Sur la photo de gauche on voit sous l'aiguillage triple la voie de raccordement des deux galeries.
Une autre aiguille triple se tiendra debout, appuyée contre la paroi de la galerie.
Nous descendrons dans cette galerie perpendiculaire en suivant la voie dont la pente ne se justifie que par le traînage par treuil. En effet, le rail plonge vers une cavité avec une pente importante. Il aurait été impossible de mouvoir les berlines autrement que par un treuil. 
D'ailleurs comme on le voit, la voûte est relativement basse.
En bas un série de cavités supportée par des piliers donne à voir plusieurs chantiers desservis soit par des sauterelles soit par des plaques tournantes ou encore des aiguillages, le tout en armement léger.
Ici, un aiguillage en rail de 7 Kg au mètre. 
D'une manière générale ces antennes sont courtes (un ou deux coupons de voie).
Au passage nous admirons les diverses couleurs que nos lampes font ressortir.
(Photo Gérard Ponsi).
Au fond d'une galerie, un wagonnet abandonné, certainement celui qui servait à acheminer les voies portatives au fond de taille.
Cette fois c'est un Pétolat muni de boîtes à palier.
Nous reprenons notre chemin en suivant la galerie principale où des voies et appareils de voies sont posés contre la paroi.
Un peu plus loin la voie s'arrête. Nous continuons et retrouvons un autre wagonnet Decauville qui servait à l'installation des voies. 
Des empilements de voies portatives sont encore en place sur une hauteur de 1,50 m.
On en voit un échantillon sur la photo de droite.
Mais nous ne pourrons pas aller plus loin car l'eau affleure et paraît-il d'autres matériels restés en place sont aujourd'hui submergés.
La galerie disparaît sous l'eau.
Au retour nous découvrons une berline bien amochée, sans doute victime d'un éboulis car nous avons eu l'occasion de voir de ces effondrements dû aux infiltrations qui provoquent des oxydations de la roche et ensuite leur rupture.
Les berlines étaient remontées par un câble aérien dont on voit ici la poulie de renvoi.
Les manœuvres d'accrochage et de décrochage des berlines étaient périlleuses et le mineur qui en était en charge ne devait pas se louper.
Après trois heures de visite nous rebroussons chemins vers la sortie et remontons vers l'accès au jour de la descenderie.

J'adresse mes remerciements à Yves Margaria, spéléologue amateur et grand connaisseur des mines de Tourves et à Gérard Ponsi mon ami Tourvain pour ses photos mieux réussies que les miennes.

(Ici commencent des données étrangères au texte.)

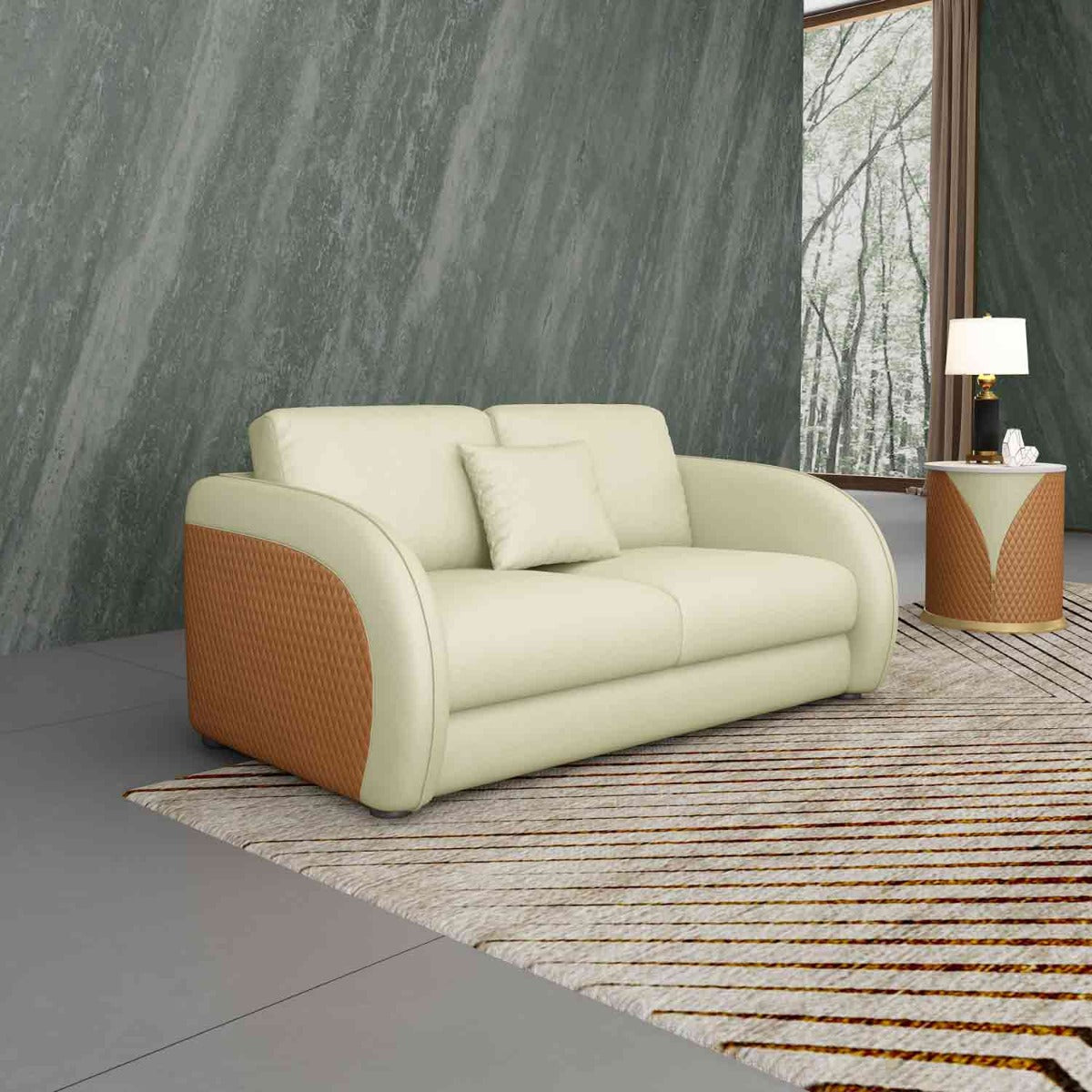 European Furniture - Noir 3 Piece Living Room Set in Beige & Cognac - 90881-3SET - New Star Living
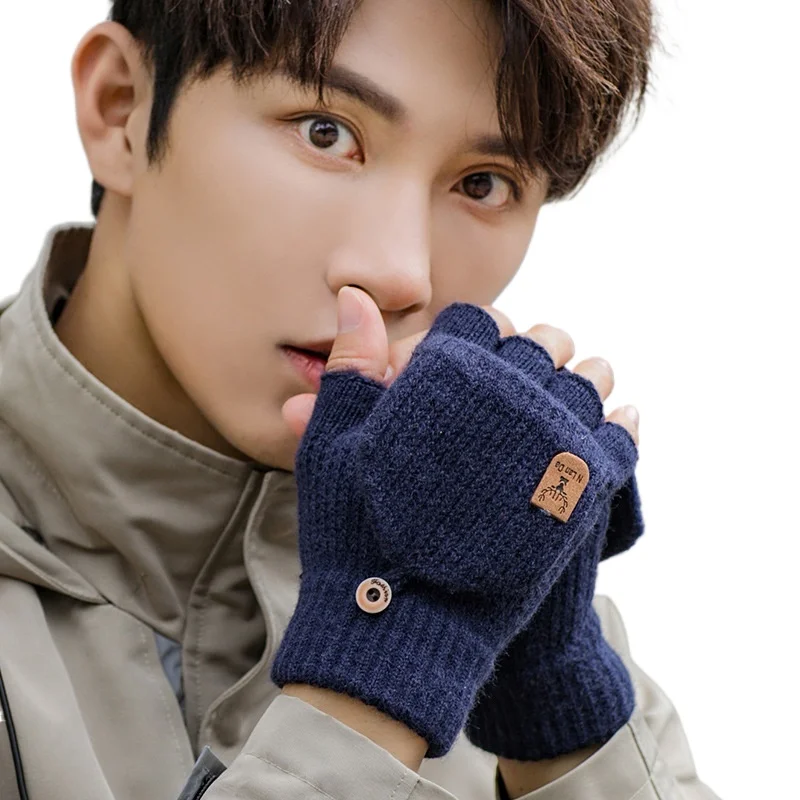 Men Autumn and Winter Half Finger Flip Up Gloves Knitted Wool Fingerless Student Writing Warm Office Korean Style Gloves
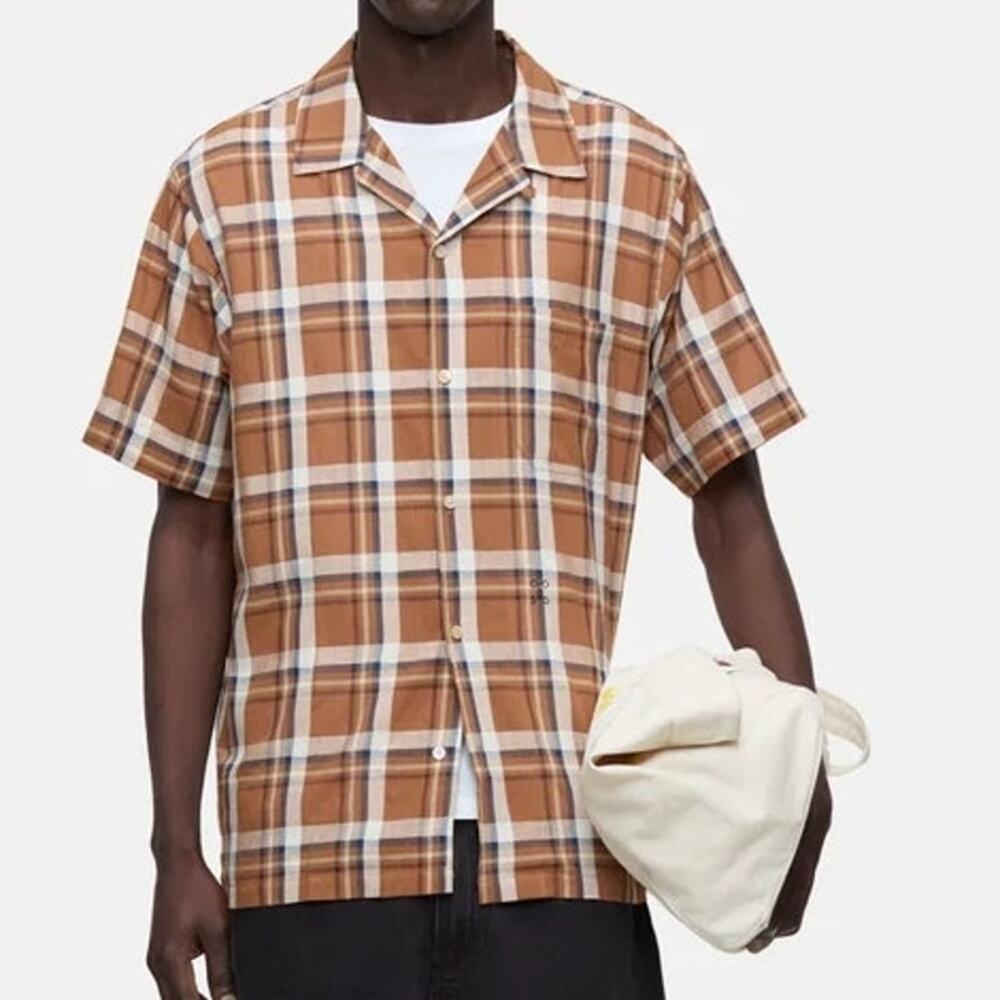CLOSED Linen Sandalwood Checkered Short Sleeve Shirt Tan Brown Men's Large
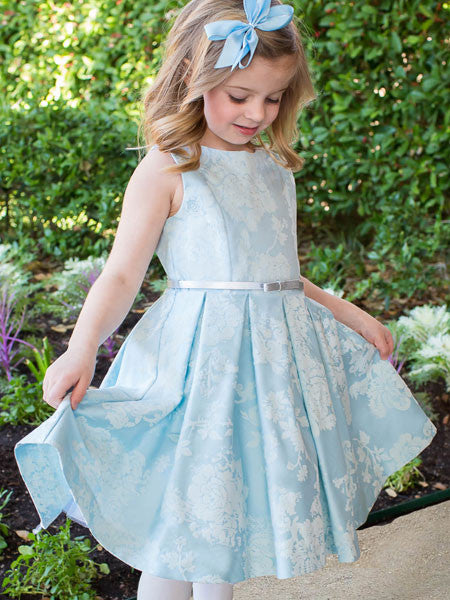 Luli & Me Blue Flocked Jacquard Dress Belted Sizes 4, 5
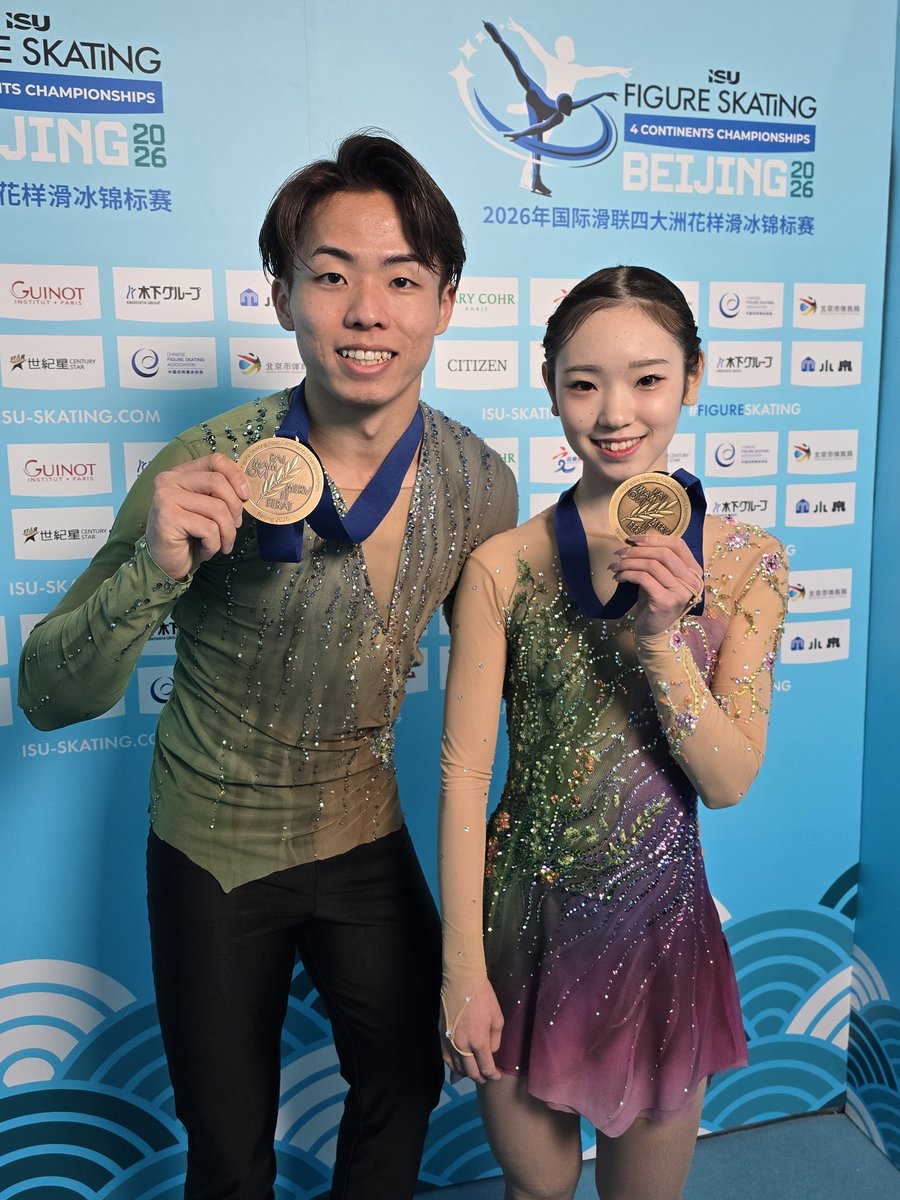 🐼四大陸フィギュア2026🇨🇳ペアFS🐼
🥉#長岡柚奈/ #森口澄士 組

武器のリフトはSPに続き高い出来映え点👏スロージャンプでのミスはありながらも、#りくりゅう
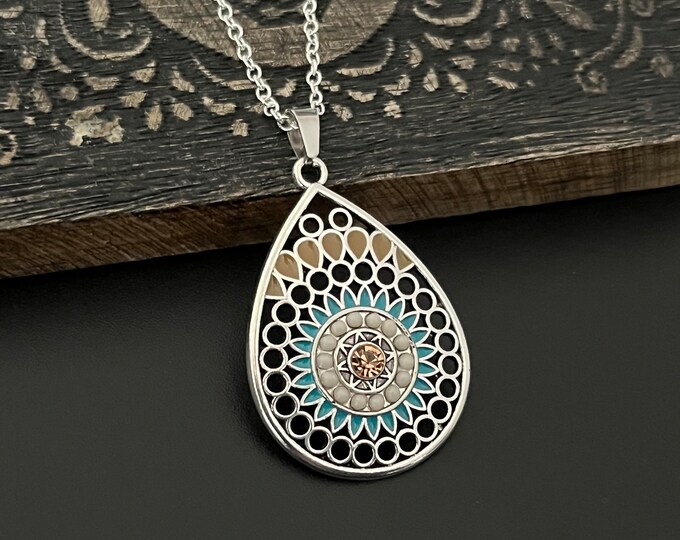Bohemian Pendant, Boho Chic Pendant, Medallion Pendant, Large Silver ...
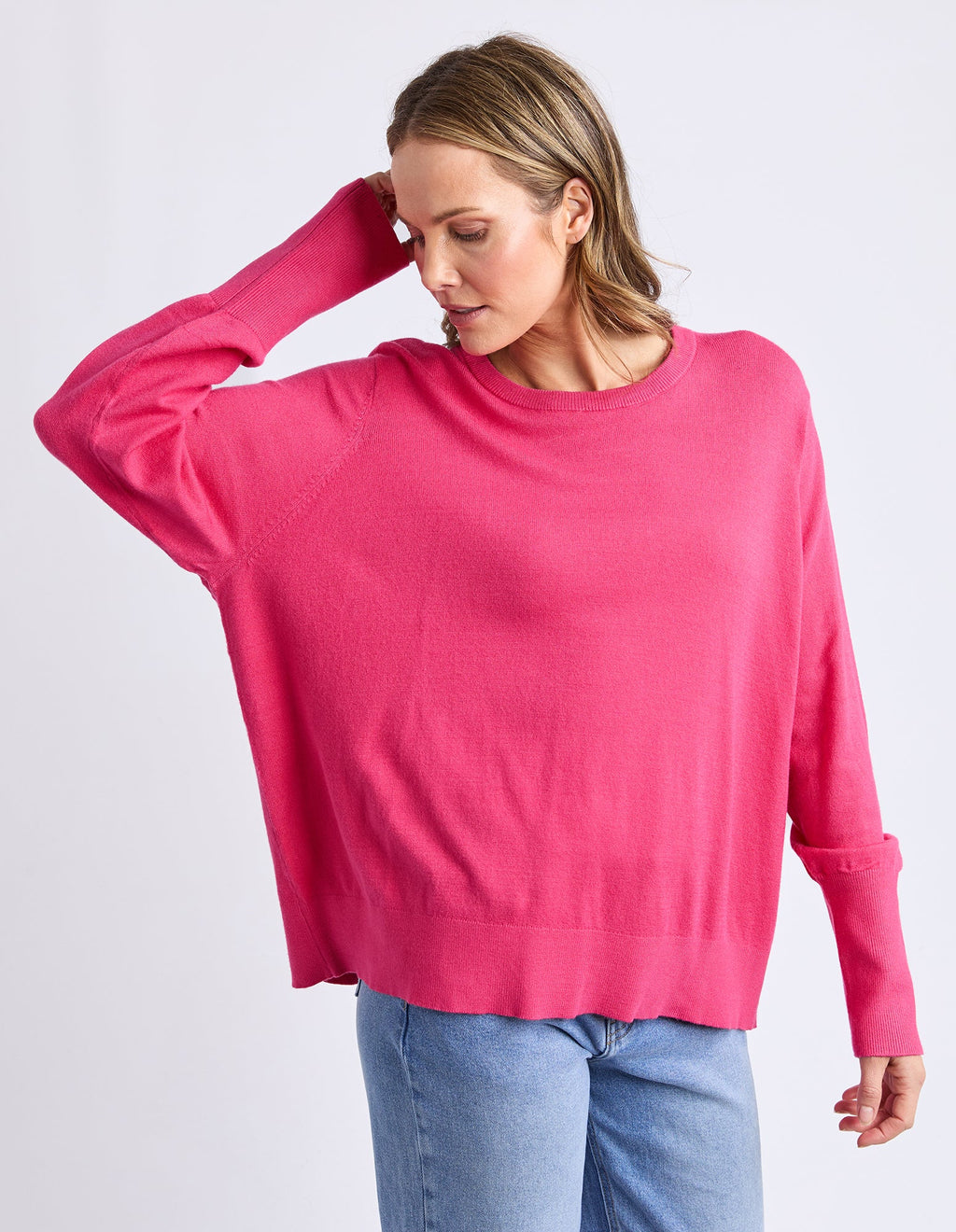 ELM Sunny Long Sleeve Knit Top Hot Pink 8177038.HPNK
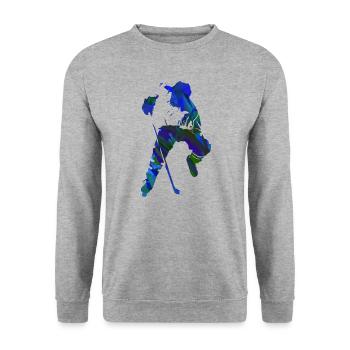 Eishockey, Hockey, Graffi, bunt - Unisex Pullover - Weißgrau meliert - Vorne - Alina (178cm) & Michal (187cm)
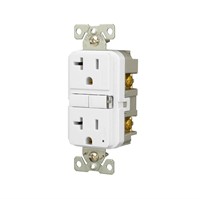 $11 Eaton 20-Amp 125V GFCI Decorator Outlet, White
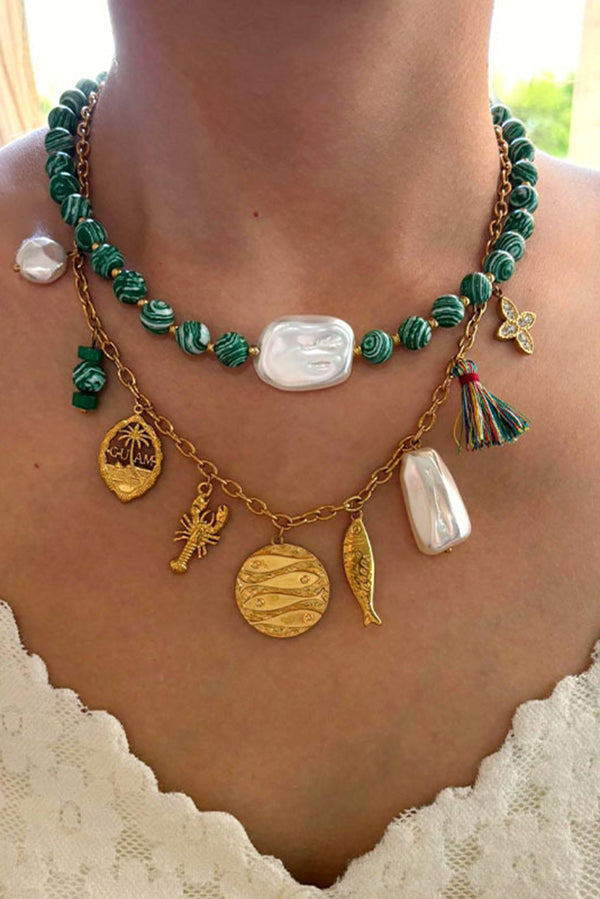 Bohemian Multi-pendant Beaded Necklace-Consonak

Nous avons projeté de descendre dans une autre mine (la mine de St Julien).

Notes : 
  • 1 La Bauxite est une roche riche en oxyde d'aluminium (plus de 40% d'Al2O3), en silice et en oxyde de fer.
    Elle résulte de la décomposition de roches contenant de la silice, ou de la décalcification de roches calcaires. Sa couleur est rosée (présence d'hématite) ou jaunâtre (présence de goethite)
  • 2 Aujourd'hui, l'usine de Gardanne (1893) traite la bauxite qui arrive de Guinée par le port de Marseille. Cette usine autrefois Péchiney est le premier producteur d'alumine (500 000 t à partir du double de minerai).
    Finement broyée, la bauxite est attaquée par la soude à 260 ° sous 35 bar. L'alumine ainsi dissoute est précipitée sous forme hydratée.
    Elle est orientée dans la production des alumines de spécialité (à la différence des alumines métallurgiques (aluminium).